Anne Peters
P.O. Box 3926
Midway, KY 40347
(859) 846 - 9794




Pedigree Theories and Selection Techniques

2. The Racecourse Test

For many, the racecourse test is the only valid selection system, especially when one considers that the Thoroughbred is the result of over three hundred years of selection for one trait, superior running ability. While racing styles have changed over the centuries, from four mile heat racing to dash racing, the victory still goes to the horse that crosses the finish line first, so to use breeding stock that has not proven itself in some way on the racecourse is defeating the purpose of the breed, the fastest and most efficient galloper in the entire equine world.

The racecourse test can prove different several things. First, victory is to the swift. Quite simply the horse that can cover the required distance in the shortest time is the winner. Proven speed in training is important, but proven speed in actual competition, under stress, is even more critical. A horse can demonstrate brilliant speed as a pacesetter, as a "one run" stretch runner, or as a horse with tactical bursts of speed at the push of a button. In fact, many consider the ability to accelerate, or "quicken" when called upon as key to what makes a superior racehorse and a valuable sire. In longer races, efficiency of stride becomes more important, but the ability to quicken remains a more desirable asset than the ability of a horse to gallop others into the ground. Tireless but non-brilliant horses like those are referred to as "plodders."

Second, victory is to the strongest. The horse that can run and win often shows superior strength, or "soundness" of muscle and bone, both of which are necessary to compete successfully. Superior atheletes recover quickly from a race and run back to form without excess coddling. They are also highly desirable as breeding stock since they are likely to pass on their good conformation and bone structure to their offspring. This makes them important members of a breeding population, providing strength and soundness where it may be lacking.

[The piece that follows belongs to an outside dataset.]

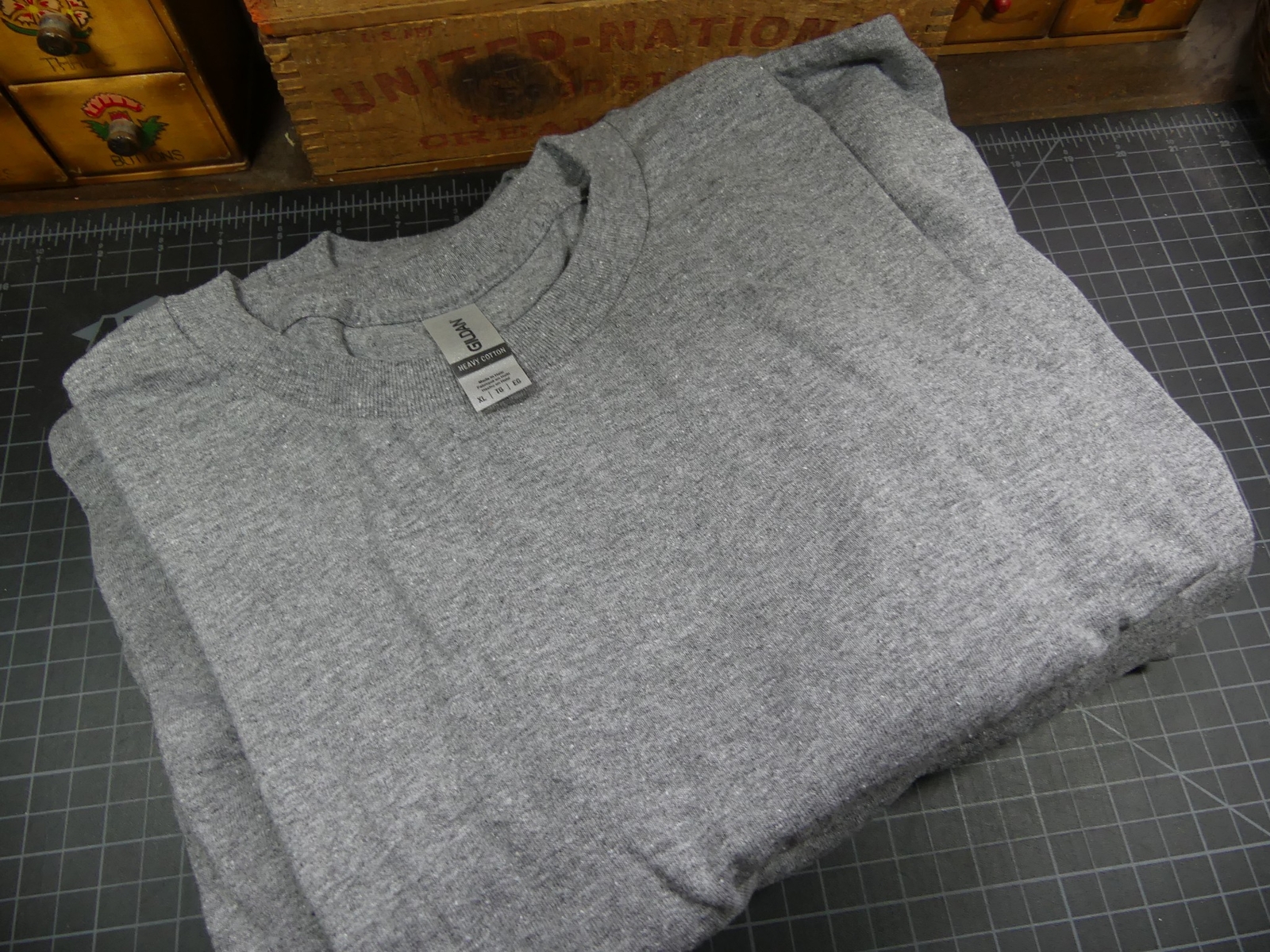 Gildan G500 Unisex Adult Heavy Cotton T-shirt Heather Gray Blank Lot of 4 XL gallery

Third, victory is to the one that desires it most. The Thoroughbred is noted not only for its great athletic prowess, but for its competitive spirit and willingness to exert itself when called upon by its rider. This "will to win" is critical in a successful racehorse, and those that don't show it are labeled as cowardly, or roguish, or without heart. Gameness and courage have won as many races as sheer physical ability. This spirit is sometimes manifested as a dominant attitude that the horse exudes when it's in contact with others of its species. Observations indicate that a dominant individual can "psych out" its competition in the post parade or int he race itself. Man o' War had it, Ruffian had it, Seattle Slew had it, and anyone who watched Cigar swagger to the post oozing "macho" knows he had it, too.

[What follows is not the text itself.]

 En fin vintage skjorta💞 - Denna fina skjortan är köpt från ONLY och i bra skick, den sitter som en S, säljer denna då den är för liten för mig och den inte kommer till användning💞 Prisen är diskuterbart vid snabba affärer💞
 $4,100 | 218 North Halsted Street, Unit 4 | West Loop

The racecourse test is the only way to prove a horse's speed, strength, and spirit. This is why the best racehorses make the most desirable stallion prospects, and why they also generally become the best sires. Horses that fail this test, either because they are poor atheletes or lack the racing spirit, are usually poor candidates as breeding stock.

When an unproven racehorse becomes a good sire or broodmare, research usually indicates that he or she showed tremendous potential in training and was retired due to some untimely circumstance, usually an injury. Such horses usually also own above average pedigrees. It is very unusual to find an unproven, poorly-bred horse succeed as a stallion. See the next section "Proven versus Unproven" for more insight into this phenomenon.

A horse's individual race record measures the racecourse test. The combined and averaged records of all of a stallion's progeny is a fair way to access a stallion's success or failure as a sire. The most effective number in evaluating a stallion's progeny is the AEI or "Average Earnings Index" which takes the average earnings of all runners for a specific period (which gets a score of 1.00) and evaluates the stallion's average progeny earnings against that figure. A number below 1.00 is below average. A number above 1.00 is above average. Good stallions generally have an AEI of at least 1.50.

The AEI needs to be accompanied by the CI or "Comparative Index" which is the same average number but relating to all the mares this stallion was bred to. A CI takes all the offspring of the stallions mates and extracts the average earnings of their combined progeny. A stallion with a CI of 2.19 means that his mates (mares) produced offspring that averaged 2.19 times the average for the breed for the generation in question.

If a stallion's AEI is lower than his mares' CI, then it seems to hint that he's not producing the same quality of runners as these mares have produced. In other words, he's dragging down the quality of his mares. This is not a good thing. This can be forgiveable in a very young stallion who received outstanding mares to begin with. If only his first few crops have raced, than his progeny have not been tested fairly enough to guage the two. Top young stallions frequently have AEIs that may be over 1.50 but with CIs that are 2.0 or over. This means that they were bred to exceptional mares and are producing good runners, but nothing like the top runners their mates have already produced. It's hard to interpret that as a negative so early in a stallion's career. AEI and CI need to be looked at together and in relation to the stallion's number of years at stud.